Introducing New Connectors for Workflows

📅 April 27, 2021 — by Guillaume Laforge

Originally published at:
https://cloud.google.com/blog/topics/developers-practitioners/introducing-new-connectors-workflows

Workflows is a service to orchestrate not only Google Cloud services, such as Cloud Functions, Cloud Run, or machine learning APIs, but also external services. As you might expect from an orchestrator, Workflows allows you to define the flow of your business logic, as steps, in a YAML or JSON definition language, and provides an execution API and UI to trigger workflow executions. You can read more about the benefits of Workflows in our previous article.

We are happy to announce new connectors for Workflows, which simplify calling Google Cloud services and APIs.

The first documented connectors offered in preview when Workflows was launched in General Availability were:

Cloud Tasks
Compute Engine
Firestore
Pub/Sub
Secret Manager

The newly unveiled connectors are:

BigQuery
Cloud Build
Cloud Functions
Cloud Scheduler
Google Kubernetes Engine
Cloud Natural Language API
Dataflow
Cloud SQL
Cloud Storage
Storage Transfer Service
Cloud Translation
Workflows & Workflow Executions

In addition to simplifying Google Cloud service calls (no need to manually tweak the URLs to call) from workflow steps, connectors also handle errors and retries, so you don’t have to do it yourself. Furthermore, they take care of APIs with long-running operations, polling the service for a result when it’s ready, with a back-off approach, again so you don’t have to handle this yourself.

Let’s take a look at some concrete examples on how connectors help.
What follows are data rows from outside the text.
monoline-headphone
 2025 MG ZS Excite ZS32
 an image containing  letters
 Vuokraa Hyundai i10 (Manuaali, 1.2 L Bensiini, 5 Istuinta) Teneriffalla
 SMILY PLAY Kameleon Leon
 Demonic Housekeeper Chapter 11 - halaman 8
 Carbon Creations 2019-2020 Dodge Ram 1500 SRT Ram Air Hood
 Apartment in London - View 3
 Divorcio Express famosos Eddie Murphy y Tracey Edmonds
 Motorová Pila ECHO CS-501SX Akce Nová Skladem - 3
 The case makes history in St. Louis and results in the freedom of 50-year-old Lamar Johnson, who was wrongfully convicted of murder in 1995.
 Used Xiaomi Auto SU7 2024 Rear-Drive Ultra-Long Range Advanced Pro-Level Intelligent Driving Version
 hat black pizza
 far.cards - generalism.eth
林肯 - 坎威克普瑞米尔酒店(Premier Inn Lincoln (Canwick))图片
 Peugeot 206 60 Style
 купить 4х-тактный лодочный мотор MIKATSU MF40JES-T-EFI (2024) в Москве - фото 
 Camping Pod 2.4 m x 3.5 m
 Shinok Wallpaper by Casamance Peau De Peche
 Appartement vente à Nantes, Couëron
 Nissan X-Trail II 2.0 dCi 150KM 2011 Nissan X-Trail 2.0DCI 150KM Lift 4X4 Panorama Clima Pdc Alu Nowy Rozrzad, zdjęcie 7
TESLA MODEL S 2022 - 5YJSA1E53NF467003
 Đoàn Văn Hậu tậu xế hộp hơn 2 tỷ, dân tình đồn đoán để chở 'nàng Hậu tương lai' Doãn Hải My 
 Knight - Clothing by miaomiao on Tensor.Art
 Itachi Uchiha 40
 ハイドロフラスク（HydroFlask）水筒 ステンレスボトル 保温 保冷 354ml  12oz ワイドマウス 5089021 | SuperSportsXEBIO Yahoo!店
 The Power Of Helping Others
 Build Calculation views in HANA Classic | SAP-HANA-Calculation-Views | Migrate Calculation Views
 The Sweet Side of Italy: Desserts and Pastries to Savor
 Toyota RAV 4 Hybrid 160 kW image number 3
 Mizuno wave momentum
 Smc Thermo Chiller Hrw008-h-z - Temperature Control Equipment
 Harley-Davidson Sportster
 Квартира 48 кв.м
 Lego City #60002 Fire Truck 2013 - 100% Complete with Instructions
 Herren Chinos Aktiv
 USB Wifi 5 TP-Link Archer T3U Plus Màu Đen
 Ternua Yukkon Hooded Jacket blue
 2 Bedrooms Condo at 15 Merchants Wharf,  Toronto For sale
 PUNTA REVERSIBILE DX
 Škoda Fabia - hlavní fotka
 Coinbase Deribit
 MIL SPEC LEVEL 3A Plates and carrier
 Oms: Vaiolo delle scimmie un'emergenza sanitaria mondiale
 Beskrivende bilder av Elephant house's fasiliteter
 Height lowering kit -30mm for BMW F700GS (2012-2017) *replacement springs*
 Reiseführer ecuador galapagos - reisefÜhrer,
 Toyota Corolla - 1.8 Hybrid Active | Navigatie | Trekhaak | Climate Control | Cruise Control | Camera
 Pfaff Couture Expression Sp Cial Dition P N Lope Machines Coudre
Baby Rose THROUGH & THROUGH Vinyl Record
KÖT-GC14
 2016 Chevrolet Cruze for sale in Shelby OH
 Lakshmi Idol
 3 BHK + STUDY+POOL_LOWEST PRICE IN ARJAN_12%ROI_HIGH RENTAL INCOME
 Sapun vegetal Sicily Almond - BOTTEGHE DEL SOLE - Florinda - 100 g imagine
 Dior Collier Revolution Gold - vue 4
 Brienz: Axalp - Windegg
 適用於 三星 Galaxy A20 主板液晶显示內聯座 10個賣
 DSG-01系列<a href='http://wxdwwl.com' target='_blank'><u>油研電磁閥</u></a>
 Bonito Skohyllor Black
Creating a Compute Engine VM with a REST API call

Imagine you want to create a Compute Engine Virtual Machine (VM) in a specified project and zone. You can do this by crafting an HTTP POST request with the proper URL, body, and OAuth2 authentication using the Compute Engine API’s instances.insert method as shown in create-vm.yaml:

main:
  params: [args]
  steps:
  - init:
      assign:
      - project: ${sys.get_env("GOOGLE_CLOUD_PROJECT_ID")}
      - zone: "europe-west1-b"
      - machineType: "e2-small"
      - instanceName: "${args.instanceName}"
  - insert_machine:
      call: http.post
      args:
        url: ${"https://compute.googleapis.com/compute/v1/projects/" + project + "/zones/" + zone + "/instances"}
        auth:
          type: OAuth2
        body:
          name: ${instanceName}
          machineType: ${"zones/" + zone + "/machineTypes/" + machineType}
          disks:
          - initializeParams:
              sourceImage: "projects/debian-cloud/global/images/debian-10-buster-v20201112"
            boot: true
            autoDelete: true
          networkInterfaces:
          - network: "global/networks/default"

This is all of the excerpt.